As Maiden has already said this is an on going problem at the moment in Egypt with expats who live there on an extended tourist visa.Here is a link to a group that has been set up so people in the same position can post and ask for advice.



https://www.facebook.com/groups/937248653023647/?fref=ts


----------



## yyyy (Apr 2, 2016)

Hi, thanks so much. Yes, that's the conclusion I've come to. I just wanted to hear what people had experienced. That's very useful thank you. I'm booking her to Amman to stay with friends and then come back on the Dutch and apply for residence or whatever visa she can get.


----------



## hurghadapat (Mar 26, 2010)

yyyy said:


> Hi, thanks so much. Yes, that's the conclusion I've come to. I just wanted to hear what people had experienced. That's very useful thank you. I'm booking her to Amman to stay with friends and then come back on the Dutch and apply for residence or whatever visa she can get.

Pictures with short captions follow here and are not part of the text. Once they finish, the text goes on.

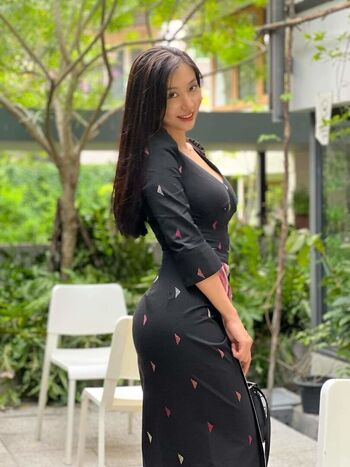 Lulu Aung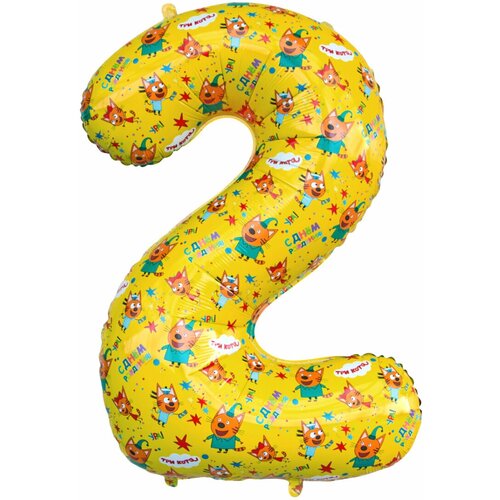 ���������� ��������� ��� Falali ����� 2, ��� ����, 86 ��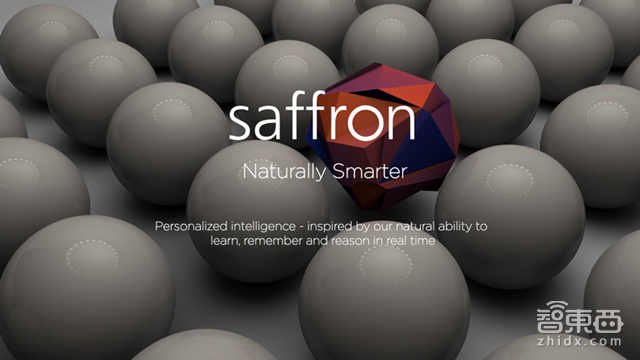 智东西晚报:苹果上季净赚111亿美元 增长33%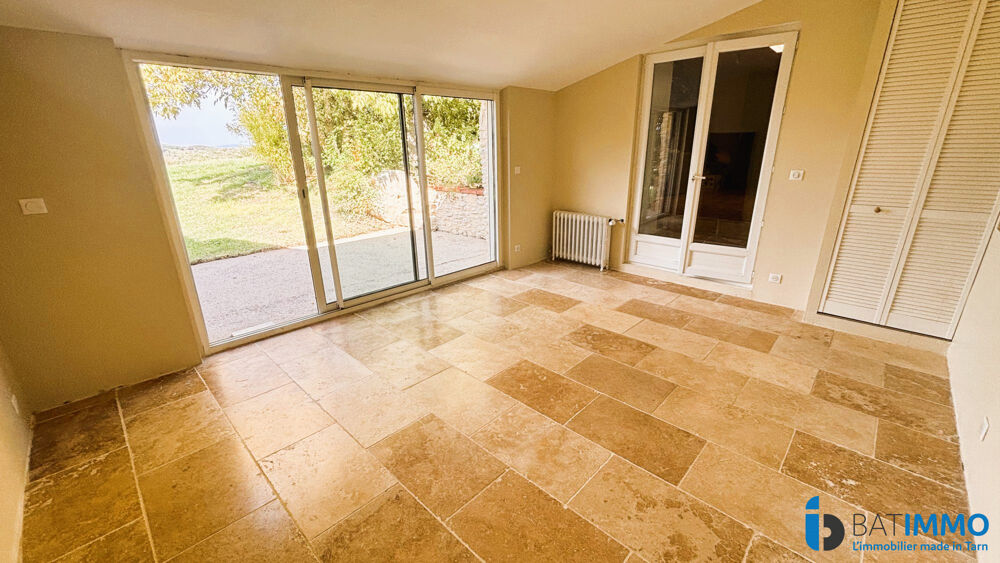 � vendre  Maison Albi (81000)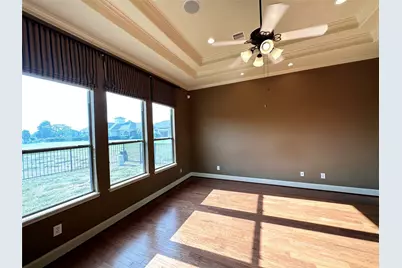 617 Constellation Boulevard, League City, TX 77573 - Photo 23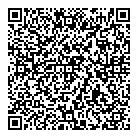 Multi Gam Broderie QR Card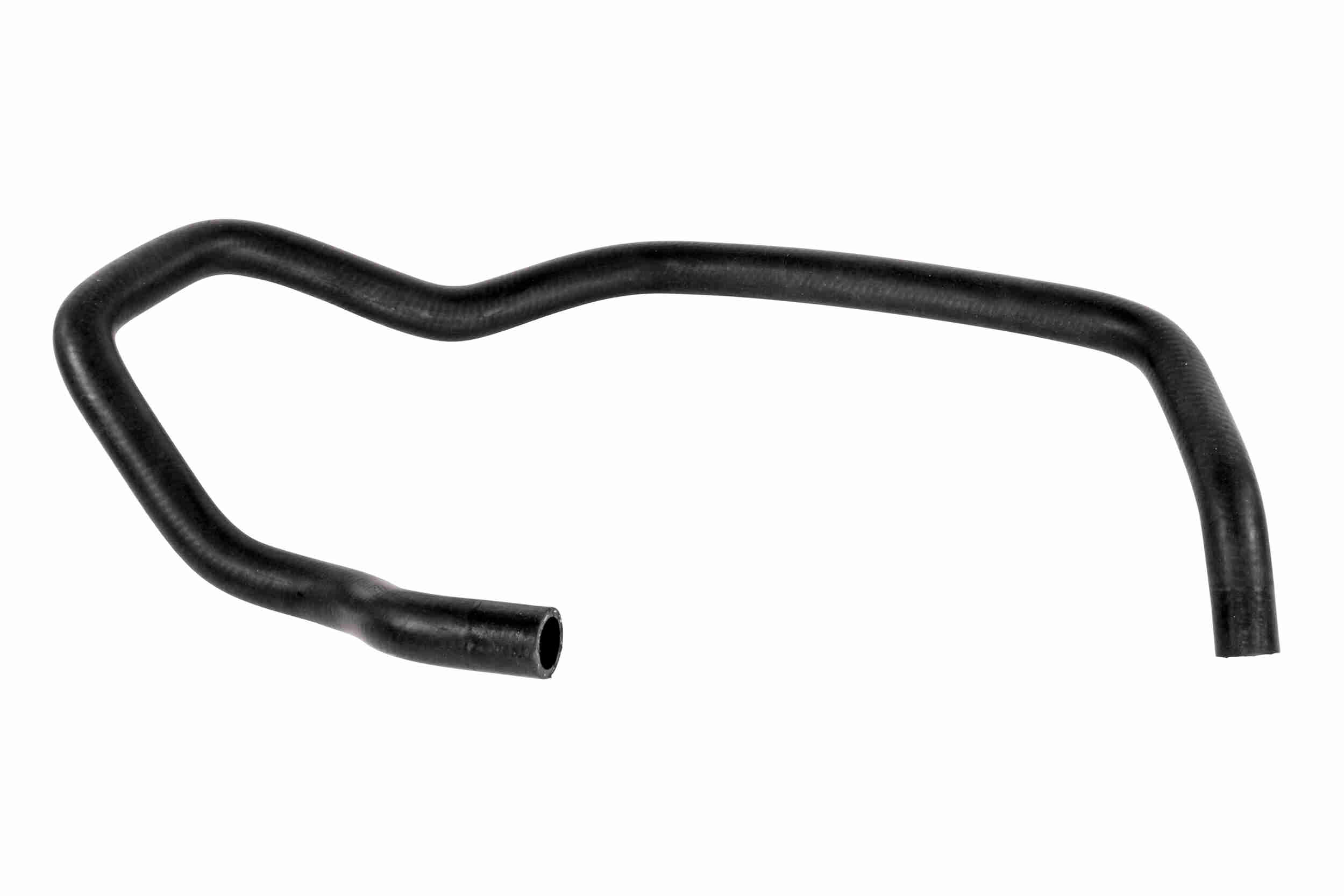 Vaico Radiateurslang V22-1154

She may have to pay a fine when she leaves as she doesn't have a visa or correct visa,but once again it seems everyone is treated differently as some pay a fine and some don't.Depends what mood the person who is on passport control is in that day i think.


----------



## yyyy (Apr 2, 2016)

Hi thank you. We were told as she's over 60 she doesn't pay. That was the one thing everyone told us in the Mugamaa told us in the seven days we went there daily! I'm fine with paying a fine, I just hope they don't make her go back for another exit stamp or something...


----------